Это я бы сказал, повышенное, прямо болезненно развитое, операторское ощущение языка форм, языка вещности переводит на немой язык кадра эмоции, выражая их своей вещной логикой.

Стиль Шкловского афористичен. Писатель ищет короткого абзаца, веского, концентрированного слова, нужного эпитета. Его образ ограничен несколькими строками, его мысль сдавлена узостью строки. Когда он пишет:

«Ломоносов жил в шумной опале. Он представлял собой нелюбимую достопримечательность русской науки», - это не только определяет, но и завершает, это и текст и эпилог, - почти памятник. Тексты Шкловского похожи на минералогическую коллекцию, в которой камни, каждый отдельно, уложены на ватные подушечки. Пишет ли Шкловский исторический очерк или дневник — в тексте обычно преобладает не показ мира, не образы людей, а отношения к миру, анализ событий и явлений. Интересные заметки, новые точки зрения, удачная цитата исходят от наблюдателя, исследователя с крайне развитой рефлексией. И там, где форма стесняет автора меньше всего (например, в «Дневнике»), его письмо становится наиболее естественным.
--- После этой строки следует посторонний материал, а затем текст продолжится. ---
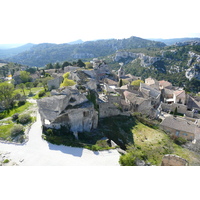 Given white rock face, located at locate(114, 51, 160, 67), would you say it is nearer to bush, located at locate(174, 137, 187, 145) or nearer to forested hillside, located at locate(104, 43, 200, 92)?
forested hillside, located at locate(104, 43, 200, 92)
И даже там, где Шкловский повествует о личных встречах — с Блоком, Маяковским, - рассказ человека тотчас же переходит в рассказ о мнениях, в критику мнений, а затем образы и Блока и Маяковского растворяются в извилистых струях обычной манеры его письма.

Как всегда, скуп и лаконичен у Шкловского пейзаж.:

«Невысокое, довольно плоское небо лежало над Петербургом. С края небо было загнуто розовым».

Чаще всего он хочет с изображением природы словно поскорее разделаться и перейти к более содержательному повествованию. Шкловский в одной из своих ранних книг, впрочем, и сам признается в своем безразличии к изображению природы:

«Я так устал от сравнений, - пишет он, - что следующий раз, когда мне придется описывать облака, то я напишу так: «И над цементными заводами, над Новороссийском шли прежде описанные облака («Гамбургский счет»).

Книга окончена — и мы видим, что в этих, внешне разрозненных страницах есть внутренняя логика, какая-то единая линия.

Систематическое и внимательное изучение приемов творчества в свете современных требований, транспозиция явлений прошлого в современность и переработка, пересмотр литературы прошлого приводит Шкловского не только к дифференцированному определению всего подлинно нового и современного, но и к стремлению увидеть дальнейшее развитие литературы. Не становясь в позу пророка, Шкловский много пишет о литературе будущего, отталкиваясь от прошлого и предугадывая стилевые концепции завтрашнего дня.

Об этом он говорит, в немного риторическом стиле, и сам:

«Я вижу через гору времени, через горы наших сегодняшних неудач, через боль подагры от солей старого искусства, - вижу новое время».